For centuries people have attempted to put into words the depth of a mothers love for her children. Before I had my own flesh and blood off-springs, I could not begin to fathom how one heart could hold so much love for another human being. Inspired by the childrens’ book, “Guess How Much I Love You” by Sam McBratney, my son and I have an ongoing conversation declaring the depths of our love to one another. I tell Spencer “I love you all the way to the moon and back.” Often his replies include: “I love you all the way to the end of the road and back, all the way to China and back, or all the way to Kentucky and back.” Recently, we were enjoying some “snuggle” time and I asked Spencer if he knew how much I loved him. He said, “sure mommy, you love me all the way to the moon and back.” I then told him, “Spencer, I love you more than all the fish that are in the sea.” In his six-year-old wisdom he said, “well mommy, I love you more than all the water drops in the ocean and no one else could love you that much.” It was a sweet moment shared between two people who are intricately woven together with the amazing emotion we call love. Later that day, I was reflecting on our conversation and it occurred to me that God loves me with a deeper love than I hold for my children; and that is humbling to embrace. How does one love deeper than a mother loves?

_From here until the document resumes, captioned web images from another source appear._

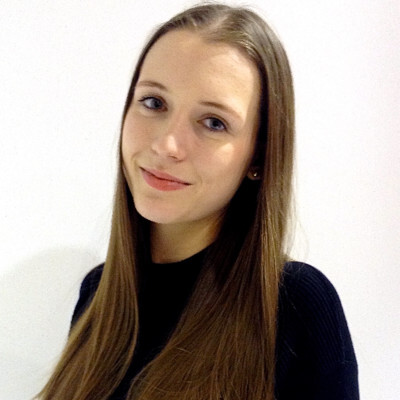 Stine Bonaldo
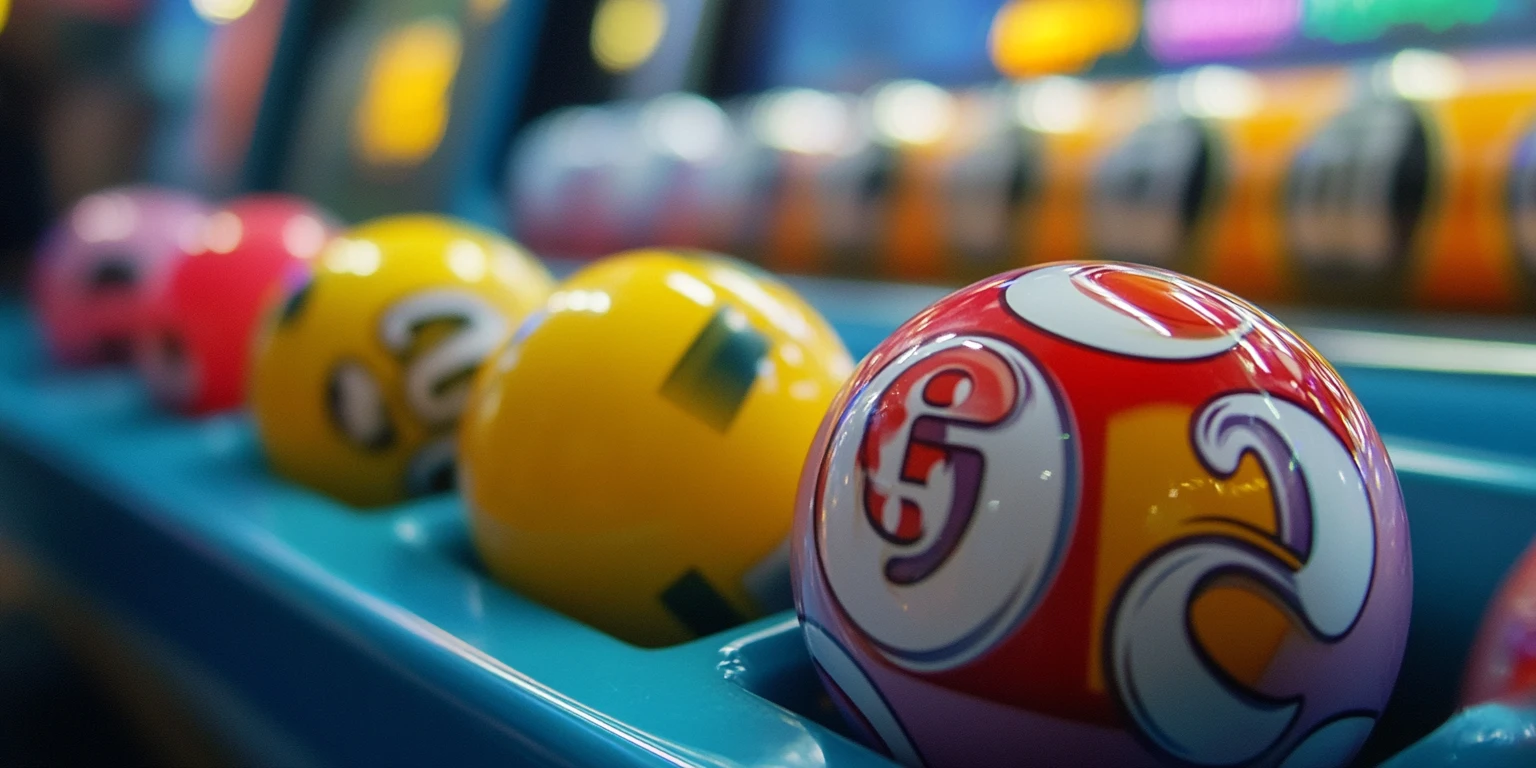 Khám Phá Thế Giới Xổ Số: Sun Win và Những Thông Tin Cần Biết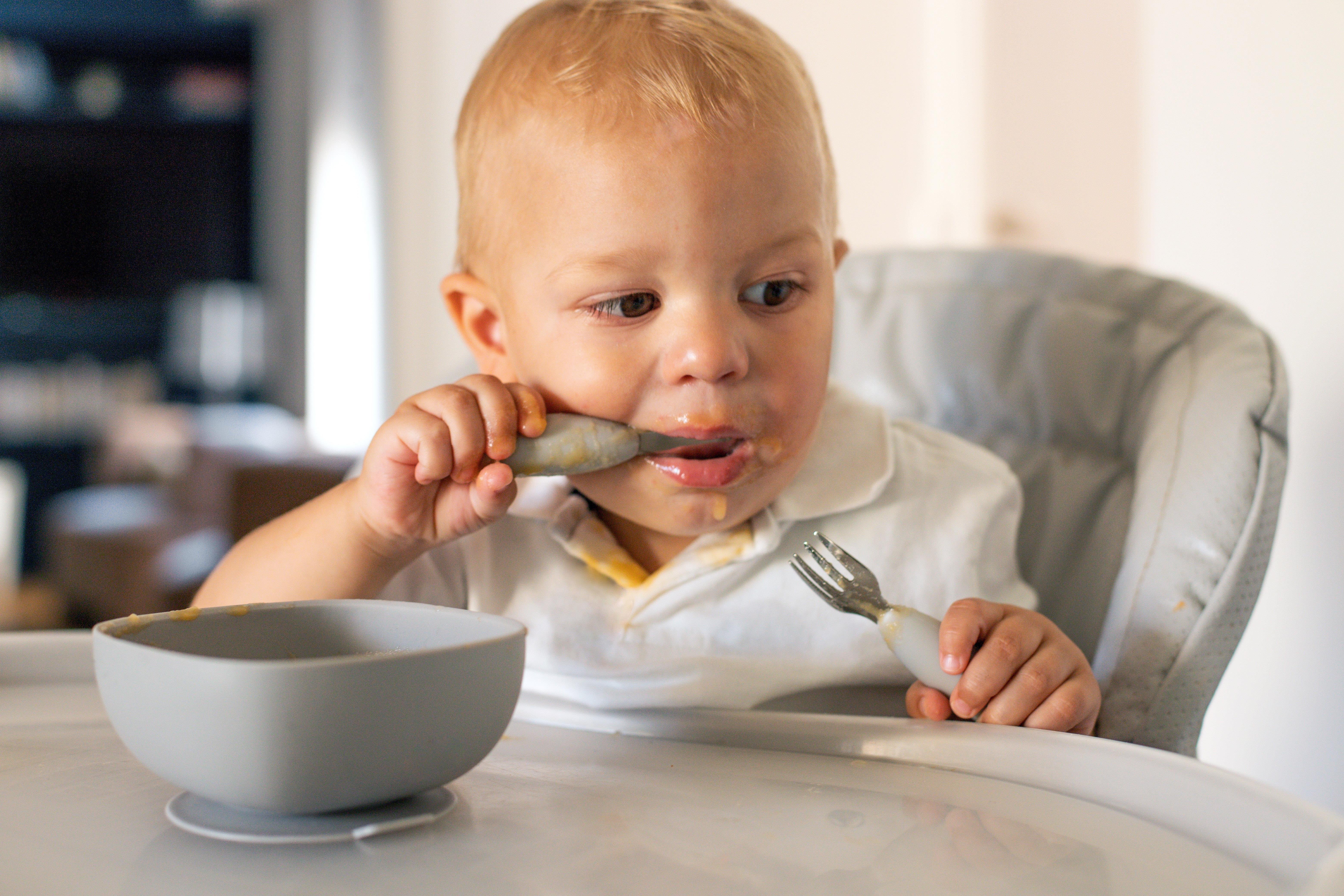 Paslanmaz Çelik Çatal Kaşık Seti, Velvet grey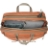Picture of 3 Way 18L Expandable Briefcase Backpack | Mystery Ranch®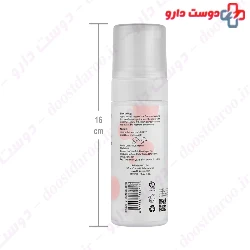  Anti Acne Deep Cleansing Face Foam  Dr Sam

I cannot fathom, grasp, understand, or explain the depth of love that God has for me. To think that He knew me before I was (Jeremiah 1:5) and that I was “fearfully and wonderfully made (Psalms 139:14).” That is astonishing to me. Knowing that, makes me want to love Him back “as much as all the water drops in the ocean.” He loves me when I don’t love myself as I should. On days that I would rather hibernate in my cave of a home and hide from the outside pressures that weigh heavily on my heart, God is aware of my moods. Those times when my children appear to have transformed into beings that are not recognizable, God understands my frustration. In those morning hours when I haven’t had enough caffeine to like myself much less want to be with the Holy Spirit, He gives me some space. And, when I’m not at my best, He grants me mercy and grace.
The Lord is such an incredible role model for parents! Our children need for us to grant them understanding, mercy, acceptance, grace, and sometimes just plain-old space. We should strive to embody traits that God embodies and share them just as generously and graciously with our children as God shares with each of us. I love the Lord “as much as the fish in the sea” and I’m so thankful that He loves me “as much as the water drops in the ocean.”